Who doesn’t love a boozy brunch? One of my favorite spots in Columbus for a Sunday morning nosh session is Wolf’s Ridge Brewery.
And while they have some awesome breakfast cocktails, I tend to always accompany my Toad in the Hole food order with the classic Beermosa.
As the name suggests, a beermosa is a take on the orange juice-based beverage substituting beer for the champagne.
But can it be as easy as pouring any beer you have on hand into a glass and topping it off with orange juice? Not so fast. I went on a quest to figure out what makes a good beermosa and here’s what I discovered.
For a great tasting beermosa, use a beer which already has citrus notes, such as a wheat beer or a Belgian style ale. Using a beer with hints of citrus is a good signal the orange juice flavor will complement the existing taste.
If you’ve ever ordered a beer that was served with an orange wedge, such as a Blue Moon or Shock Top, that’s a fairly good indication the beer’s profile will work with the juice.
Here’s a list of some of the more widely distributed wheat and Belgian style beers you may find at your local bottle shop or even grocery store.

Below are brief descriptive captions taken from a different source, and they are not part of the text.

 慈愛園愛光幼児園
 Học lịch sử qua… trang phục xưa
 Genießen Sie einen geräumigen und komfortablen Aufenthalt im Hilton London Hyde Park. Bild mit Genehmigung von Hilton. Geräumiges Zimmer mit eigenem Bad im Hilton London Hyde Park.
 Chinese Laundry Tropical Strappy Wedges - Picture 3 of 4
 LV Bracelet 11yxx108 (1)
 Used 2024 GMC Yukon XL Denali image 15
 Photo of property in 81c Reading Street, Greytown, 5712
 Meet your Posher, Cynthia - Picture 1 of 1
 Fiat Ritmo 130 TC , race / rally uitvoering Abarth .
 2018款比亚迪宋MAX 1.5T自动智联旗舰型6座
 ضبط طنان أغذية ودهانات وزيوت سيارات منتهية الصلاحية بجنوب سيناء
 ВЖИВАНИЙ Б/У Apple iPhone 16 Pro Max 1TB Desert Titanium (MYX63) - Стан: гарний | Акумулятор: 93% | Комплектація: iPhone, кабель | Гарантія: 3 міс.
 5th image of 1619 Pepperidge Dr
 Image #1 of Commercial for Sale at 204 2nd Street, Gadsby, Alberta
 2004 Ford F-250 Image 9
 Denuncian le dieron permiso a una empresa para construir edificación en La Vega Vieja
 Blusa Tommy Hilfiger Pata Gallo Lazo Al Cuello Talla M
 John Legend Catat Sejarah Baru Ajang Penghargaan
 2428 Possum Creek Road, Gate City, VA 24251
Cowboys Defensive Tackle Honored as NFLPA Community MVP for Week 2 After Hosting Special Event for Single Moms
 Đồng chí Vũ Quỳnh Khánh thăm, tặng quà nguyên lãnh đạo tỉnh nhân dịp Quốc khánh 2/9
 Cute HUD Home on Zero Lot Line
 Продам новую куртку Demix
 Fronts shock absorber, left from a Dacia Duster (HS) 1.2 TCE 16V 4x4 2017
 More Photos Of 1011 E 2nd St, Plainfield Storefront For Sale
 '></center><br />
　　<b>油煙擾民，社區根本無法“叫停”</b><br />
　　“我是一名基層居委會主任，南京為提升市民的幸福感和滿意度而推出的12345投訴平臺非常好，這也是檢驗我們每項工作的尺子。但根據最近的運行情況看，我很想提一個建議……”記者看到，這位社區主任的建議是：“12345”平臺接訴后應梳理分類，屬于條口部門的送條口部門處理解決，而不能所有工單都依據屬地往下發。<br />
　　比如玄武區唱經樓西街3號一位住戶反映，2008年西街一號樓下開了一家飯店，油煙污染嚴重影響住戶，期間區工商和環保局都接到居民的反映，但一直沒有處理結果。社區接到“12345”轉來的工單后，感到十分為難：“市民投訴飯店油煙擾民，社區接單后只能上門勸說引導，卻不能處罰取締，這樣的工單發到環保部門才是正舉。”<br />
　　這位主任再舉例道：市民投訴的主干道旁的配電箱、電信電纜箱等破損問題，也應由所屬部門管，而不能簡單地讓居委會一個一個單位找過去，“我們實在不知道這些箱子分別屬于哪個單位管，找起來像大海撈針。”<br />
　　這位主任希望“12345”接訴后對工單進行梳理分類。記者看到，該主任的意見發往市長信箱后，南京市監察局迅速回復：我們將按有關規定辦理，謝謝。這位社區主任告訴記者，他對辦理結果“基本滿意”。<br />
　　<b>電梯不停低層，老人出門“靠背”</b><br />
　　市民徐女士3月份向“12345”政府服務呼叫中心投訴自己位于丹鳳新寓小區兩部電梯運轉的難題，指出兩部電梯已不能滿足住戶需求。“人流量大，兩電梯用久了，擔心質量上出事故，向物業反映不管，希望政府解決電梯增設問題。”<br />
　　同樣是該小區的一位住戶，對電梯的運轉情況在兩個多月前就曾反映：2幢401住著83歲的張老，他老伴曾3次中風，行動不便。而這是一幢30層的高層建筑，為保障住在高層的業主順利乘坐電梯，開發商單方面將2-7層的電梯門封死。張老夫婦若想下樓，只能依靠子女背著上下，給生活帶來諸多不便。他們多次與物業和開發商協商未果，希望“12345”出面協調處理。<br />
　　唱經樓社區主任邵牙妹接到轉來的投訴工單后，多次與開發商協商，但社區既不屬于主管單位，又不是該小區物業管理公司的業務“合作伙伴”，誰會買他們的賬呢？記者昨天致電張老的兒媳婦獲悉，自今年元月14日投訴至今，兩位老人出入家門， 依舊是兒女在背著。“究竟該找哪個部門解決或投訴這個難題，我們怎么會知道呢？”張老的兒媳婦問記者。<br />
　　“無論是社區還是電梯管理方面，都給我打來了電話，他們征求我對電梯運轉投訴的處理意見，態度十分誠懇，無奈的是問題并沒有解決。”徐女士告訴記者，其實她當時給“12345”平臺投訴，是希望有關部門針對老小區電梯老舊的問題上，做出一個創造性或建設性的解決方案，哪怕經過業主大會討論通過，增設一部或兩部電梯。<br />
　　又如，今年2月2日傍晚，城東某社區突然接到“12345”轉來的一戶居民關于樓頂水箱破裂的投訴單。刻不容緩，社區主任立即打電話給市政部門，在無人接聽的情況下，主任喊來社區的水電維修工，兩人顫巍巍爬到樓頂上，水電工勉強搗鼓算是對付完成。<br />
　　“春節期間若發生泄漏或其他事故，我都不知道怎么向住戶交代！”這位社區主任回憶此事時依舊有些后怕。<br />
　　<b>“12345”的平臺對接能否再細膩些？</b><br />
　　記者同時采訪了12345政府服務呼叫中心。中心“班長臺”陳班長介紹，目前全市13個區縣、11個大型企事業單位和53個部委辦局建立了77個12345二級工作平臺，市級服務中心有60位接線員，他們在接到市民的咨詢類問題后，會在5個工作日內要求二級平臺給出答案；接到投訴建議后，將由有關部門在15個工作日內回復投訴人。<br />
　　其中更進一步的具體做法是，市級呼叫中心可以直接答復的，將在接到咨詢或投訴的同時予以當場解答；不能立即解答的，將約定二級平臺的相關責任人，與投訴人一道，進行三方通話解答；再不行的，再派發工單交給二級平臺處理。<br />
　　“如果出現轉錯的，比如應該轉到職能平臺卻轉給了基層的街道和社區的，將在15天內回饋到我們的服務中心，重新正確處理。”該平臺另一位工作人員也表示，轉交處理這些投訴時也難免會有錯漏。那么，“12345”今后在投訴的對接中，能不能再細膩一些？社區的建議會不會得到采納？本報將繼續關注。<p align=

Recommended Beers for Beermosas
- Brewery Ommegang Witte
- Allagash White
- Einstock Icelandic White Ale
- Blue Moon Belgian White
- Shock Top Belgian White
- Goose Island 312 Urban Wheat Ale
- Sam Adam’s Summer Ale
If you plan to purchase your beer from your local brewery, look for words that indicate a citrus taste within the description.
Beermosa Recipe (also known as a Brass Monkey)
This beer cocktail takes no time or complicated steps to make – just pour 2 ingredients into a glass and enjoy. However, the beer to orange juice ratio is something to pay attention to.
Like my mimosas with just a splash of orange juice so the cocktail maintains its bubbly carbonation.
And so it is the same with beermosas – I like to keep it from getting too heavy by limiting the orange juice to beer ratio to between 1:2 or 1:3.
Many recipes advocate a half beer half juice split, which I think is way too heavy and it makes it hard to appreciate the flavor of the beer. At this point, you might as well just drink straight orange juice.
If you prefer it, use fresh squeezed orange juice. But from the carton works fine, too, if you’re lazy like me. I also find pulp-free easier to drink but use whatever you prefer.
While wheat and Belgian style ales make delicious beermosas, don’t be afraid to branch out to other styles. Many IPAs carry citrus notes. And if you love chocolate covered oranges, maybe try a rich stout?